Requirements Gathering - Mid-Depth

Systematic approach to capturing what needs to be built.

Functional Requirements: What Features/Behaviors?

Functional requirements describe what the system does. Write them as specific, observable behaviors.

Good format:

  • “User can [action] by [method] resulting in [outcome]”
  • “System shall [behavior] when [condition]”

Examples:

  • “User can export transaction history as CSV file containing date, amount, description”
  • “System shall send email notification within 5 minutes when new message arrives”
  • “Admin can deactivate user accounts, which immediately revokes all access tokens”

Avoid implementation details in functional requirements:

  • ❌ “System uses Redis cache for session storage”
  • ✅ “System maintains user session for 2 hours of inactivity”

You’re describing what, not how. The how comes during design.

Non-Functional Requirements: Performance, Security, Scalability, Reliability, Usability

These define quality attributes. They’re often more important than functional requirements because they determine whether the system is actually usable.

Performance:

  • “API endpoints respond in <200ms at 95th percentile”
  • “Dashboard loads in <3s on 3G connection”
  • “Video streaming starts within 2s of user clicking play”

Security:

  • “All passwords hashed with bcrypt, minimum cost factor 12”
  • “API requires OAuth 2.0 authentication”
  • “Sensitive data encrypted at rest using AES-256”

Scalability:

  • “System handles 10,000 concurrent users without degradation”
  • “Database supports 1M records with <100ms query times”
  • “File uploads process 100GB/day peak load”

Reliability:

  • “99.9% uptime during business hours (8am-8pm Eastern)”
  • “Automated backup every 6 hours, retained for 30 days”
  • “System recovers from crash without data loss”

Usability:

  • “New user completes first task within 5 minutes, no training”
  • “Critical workflows completable with keyboard only (no mouse)”
  • “Error messages explain what went wrong and how to fix it”

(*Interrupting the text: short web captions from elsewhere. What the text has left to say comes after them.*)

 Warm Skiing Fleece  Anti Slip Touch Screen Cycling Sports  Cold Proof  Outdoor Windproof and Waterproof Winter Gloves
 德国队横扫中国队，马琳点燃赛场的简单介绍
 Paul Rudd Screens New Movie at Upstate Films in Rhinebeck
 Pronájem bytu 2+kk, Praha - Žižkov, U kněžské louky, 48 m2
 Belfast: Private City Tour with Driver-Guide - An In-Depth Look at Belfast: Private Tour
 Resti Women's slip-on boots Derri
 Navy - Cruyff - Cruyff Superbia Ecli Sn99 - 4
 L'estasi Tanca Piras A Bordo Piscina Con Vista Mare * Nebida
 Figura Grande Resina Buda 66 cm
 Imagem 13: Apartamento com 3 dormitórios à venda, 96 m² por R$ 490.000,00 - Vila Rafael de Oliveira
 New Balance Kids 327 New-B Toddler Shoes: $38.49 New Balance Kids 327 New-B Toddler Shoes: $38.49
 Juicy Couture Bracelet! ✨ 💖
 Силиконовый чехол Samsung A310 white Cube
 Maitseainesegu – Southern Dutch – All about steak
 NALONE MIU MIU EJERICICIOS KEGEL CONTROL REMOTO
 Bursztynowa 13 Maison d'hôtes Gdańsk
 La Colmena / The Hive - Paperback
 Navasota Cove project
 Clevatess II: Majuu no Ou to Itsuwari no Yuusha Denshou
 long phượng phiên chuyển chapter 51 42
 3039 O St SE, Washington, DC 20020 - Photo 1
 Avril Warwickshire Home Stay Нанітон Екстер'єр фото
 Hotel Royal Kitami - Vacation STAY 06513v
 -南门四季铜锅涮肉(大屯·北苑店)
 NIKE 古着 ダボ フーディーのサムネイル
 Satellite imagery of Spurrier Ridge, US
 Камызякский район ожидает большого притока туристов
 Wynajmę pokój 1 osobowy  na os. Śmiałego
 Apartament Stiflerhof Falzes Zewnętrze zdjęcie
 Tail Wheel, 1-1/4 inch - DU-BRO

User Stories with Acceptance Criteria

User stories capture requirements from user perspective:

As a [role]
I want to [action]
So that [benefit]

Acceptance criteria:
- [Specific testable condition]
- [Specific testable condition]
- [Specific testable condition]

Example:

As a customer
I want to track my order status
So that I know when to expect delivery

Acceptance criteria:
- Order status updates within 30 minutes of status change
- User receives email notification on status change
- Tracking page shows estimated delivery date
- Page accessible without login if user has order number

Acceptance criteria make stories testable and define “done.”

API Contracts If Integrating with Other Systems

If your system exposes APIs or integrates with others, document the contract:

For APIs you provide:

Endpoint: POST /api/orders
Authentication: Bearer token required
Request:
  {
    "items": [{"sku": string, "quantity": number}],
    "shipping_address": {...}
  }
Response 200:
  {
    "order_id": string,
    "total": number,
    "estimated_delivery": ISO8601 date
  }
Response 400: Invalid SKU or quantity
Response 401: Missing or invalid token

For APIs you consume:

  • Document expected response format
  • Define error handling (what if it’s down?)
  • Specify rate limits and how you’ll handle them
  • Define data mapping (their field names to yours)

Data Retention and Deletion Requirements

How long do you keep data? When do you delete it?

Legal requirements:

  • “Transaction records retained for 7 years per tax law”
  • “Marketing emails: delete user data within 30 days of unsubscribe per GDPR”

Business requirements:

  • “User activity logs retained for 90 days for analytics”
  • “Deleted user accounts: hard delete all PII after 30-day recovery period”

Technical requirements:

  • “Failed job logs purged after 14 days to manage disk space”
  • “Soft delete: mark as deleted, hard delete after 90 days”

Missing deletion requirements leads to databases growing forever and GDPR violations.

Common Pitfall: Only Capturing Functional Requirements

Projects fail when they meet functional requirements but miss non-functional ones:

  • Built all features but system is too slow
  • Works perfectly but crashes under load
  • Functional but violates accessibility requirements
  • Complete but can’t pass security audit

Spend at least as much time on non-functional requirements as functional.

Prioritization Framework (MoSCoW: Must/Should/Could/Won’t)

Not all requirements are equally important. Categorize them:

Must have: System is useless without these

  • “User authentication”
  • “Core checkout flow”
  • “Data encrypted in transit”

Should have: Important but system could launch without them

  • “Password strength meter”
  • “Order history export”
  • “Email notifications”

Could have: Nice to have if time/budget allows

  • “Dark mode”
  • “Advanced search filters”
  • “Social sharing”

Won’t have: Explicitly out of scope (prevents scope creep)

  • “Mobile app (phase 2)”
  • “Real-time chat (not needed for MVP)”
  • “AI recommendations (future consideration)”

This helps make trade-off decisions: “We’re running behind. Drop the Could haves, deliver all Must haves and most Should haves.”